Students of higher education cannot afford preemptive strikes against Iran

The question is on the table — in order to neutralize the existential threat Iran poses with its uranium enrichment; will the United States use military action against them?

This is the question buzzing around Washington, Israel and the Middle East.

However, this question needs to be regarded by students of higher education particularly because the answer to this question will invariably affect our immediate and long-term future.

As students looking to enter into a career relatively soon and establish financial independence, international relations can seem out of view and irrelevant.

There needs to be a shift in our paradigm. We absolutely must engage ourselves in foreign affairs, for it is our civic duty, as well as in our best interest.

Let us establish a context and framework of Iran’s Uranium enrichment program and the effects upon the American and international community if the United States decides to use military action upon Iran.

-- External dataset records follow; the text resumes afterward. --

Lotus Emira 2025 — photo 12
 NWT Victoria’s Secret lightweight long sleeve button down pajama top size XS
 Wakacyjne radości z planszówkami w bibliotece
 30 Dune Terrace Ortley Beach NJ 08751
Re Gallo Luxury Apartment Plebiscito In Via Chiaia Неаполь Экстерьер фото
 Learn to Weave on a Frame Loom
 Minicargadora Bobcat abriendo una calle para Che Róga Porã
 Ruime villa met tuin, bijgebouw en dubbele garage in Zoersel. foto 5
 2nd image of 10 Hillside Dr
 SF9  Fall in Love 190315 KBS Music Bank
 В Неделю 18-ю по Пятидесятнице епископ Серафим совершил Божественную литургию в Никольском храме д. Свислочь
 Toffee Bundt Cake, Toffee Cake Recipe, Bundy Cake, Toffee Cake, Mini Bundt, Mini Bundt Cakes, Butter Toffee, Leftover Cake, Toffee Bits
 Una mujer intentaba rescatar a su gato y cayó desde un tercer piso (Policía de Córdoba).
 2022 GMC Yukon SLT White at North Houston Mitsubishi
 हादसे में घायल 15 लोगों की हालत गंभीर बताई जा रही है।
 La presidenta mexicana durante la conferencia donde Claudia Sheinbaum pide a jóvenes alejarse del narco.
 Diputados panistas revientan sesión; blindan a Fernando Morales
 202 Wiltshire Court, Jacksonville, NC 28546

According to an executive report published by the Iran Project, unilateral air strikes would only delay Iran’s plan of enrichment up to four years — not shut down the program completely.

In order to eliminate Iran’s uranium enrichment project altogether through regime change, terrific numbers of military personnel and force would be required, costing more than the U.S. invested with its military action in Iraq and Afghanistan combined.

Ultimately, the result of a preemptive strike against Iran would prove to be anticlimactic for the United States and Israel alike.

Using military action against a sovereign nation who claims their uranium enrichment will be used for peaceful purposes, and who is also a signatory to the Nuclear Non-Proliferation Treaty would be an informal declaration of war.

Obviously war is the most expensive activity a country can participate in. With unemployment finally dipping below 8 percent, and the wars in Iraq and Afghanistan drawing out, our economy can not afford to fund another expensive, long and unpredictable international conflict.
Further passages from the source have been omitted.